▶ The task
Every line from the one with "Tortoise Print Felt Hat" up to and including the one with "LCW Kids Sonic" is to be output exactly as it appears below; pictures are not.

▶ Data

- - - - -

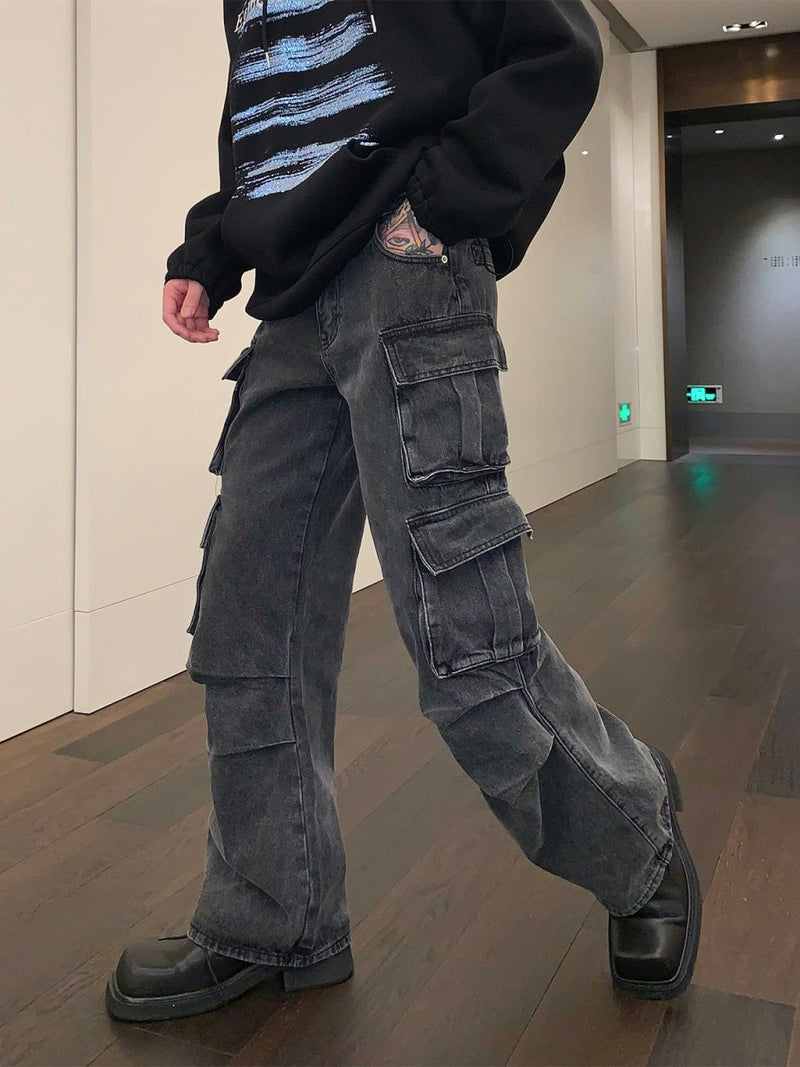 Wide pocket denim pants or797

- - - - -

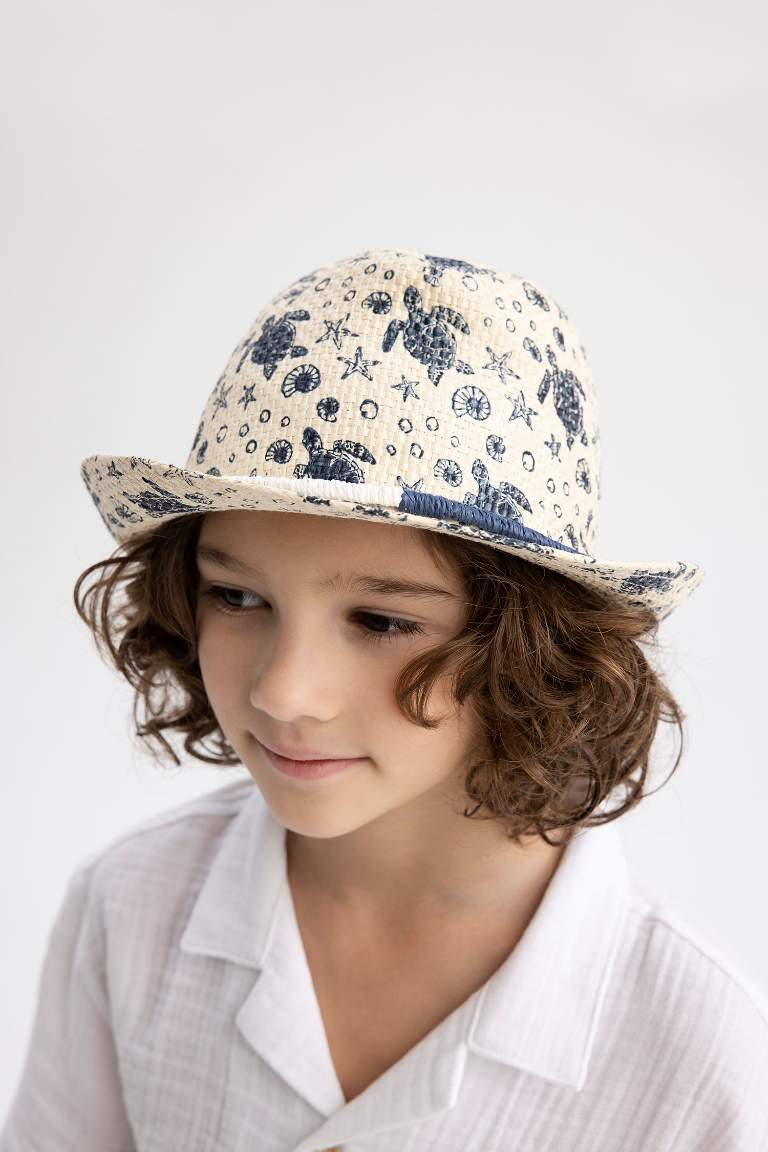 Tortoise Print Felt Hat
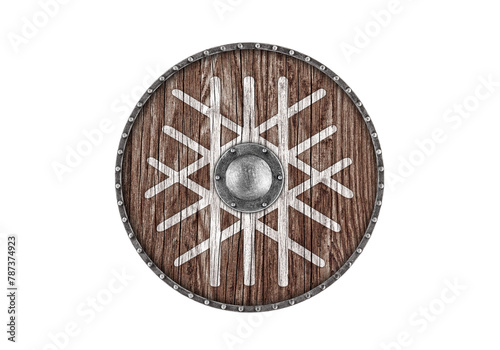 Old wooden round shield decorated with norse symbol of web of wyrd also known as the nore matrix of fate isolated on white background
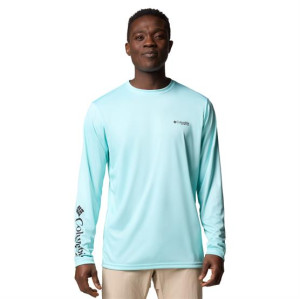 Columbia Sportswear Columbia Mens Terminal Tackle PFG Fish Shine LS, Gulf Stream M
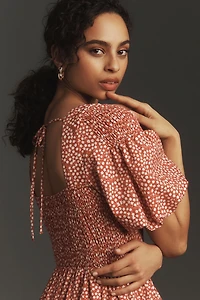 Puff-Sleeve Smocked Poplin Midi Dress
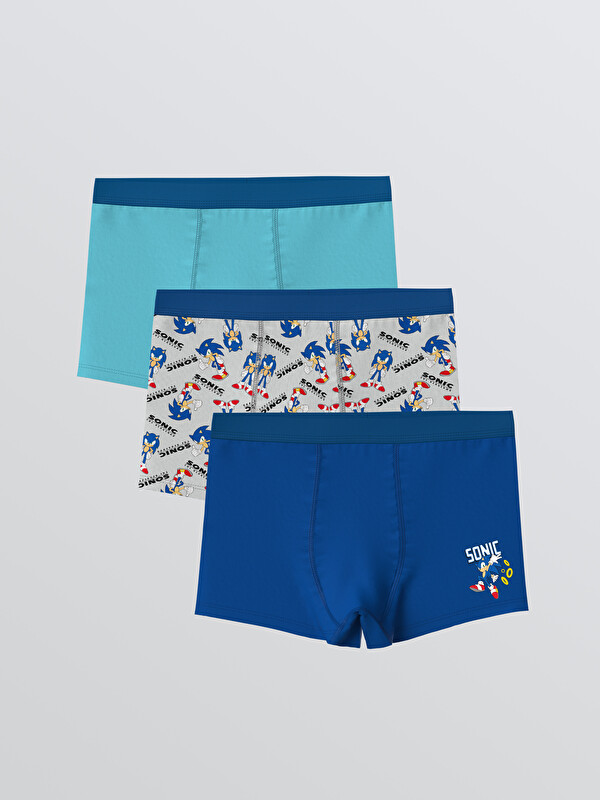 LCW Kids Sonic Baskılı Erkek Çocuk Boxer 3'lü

- - - - -

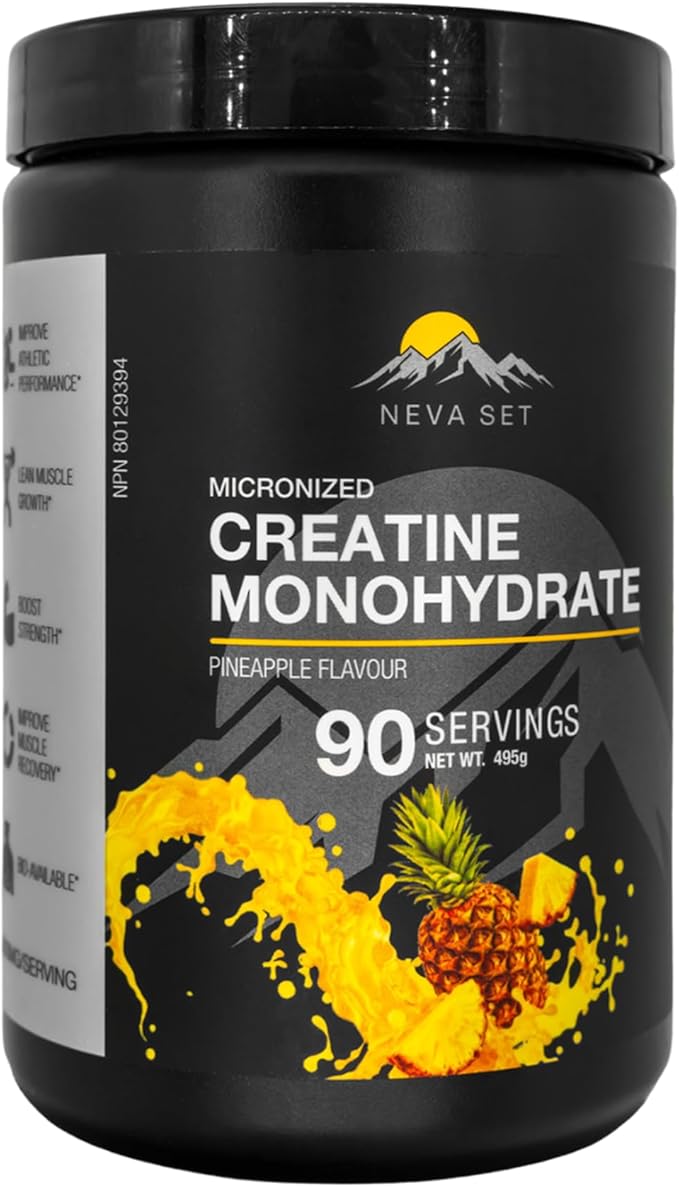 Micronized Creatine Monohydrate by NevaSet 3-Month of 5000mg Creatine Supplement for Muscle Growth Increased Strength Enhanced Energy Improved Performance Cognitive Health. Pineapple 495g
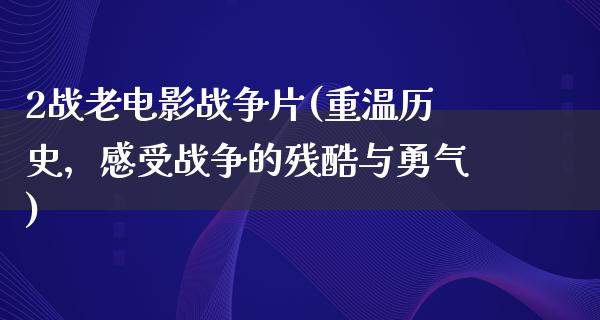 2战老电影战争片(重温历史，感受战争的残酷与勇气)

- - - - -

▶ Task result
 Tortoise Print Felt Hat
 Old wooden round shield decorated with norse symbol of web of wyrd also known as the nore matrix of fate isolated on white background
 Columbia Sportswear Columbia Mens Terminal Tackle PFG Fish Shine LS, Gulf Stream M
 Puff-Sleeve Smocked Poplin Midi Dress
 LCW Kids Sonic Baskılı Erkek Çocuk Boxer 3'lü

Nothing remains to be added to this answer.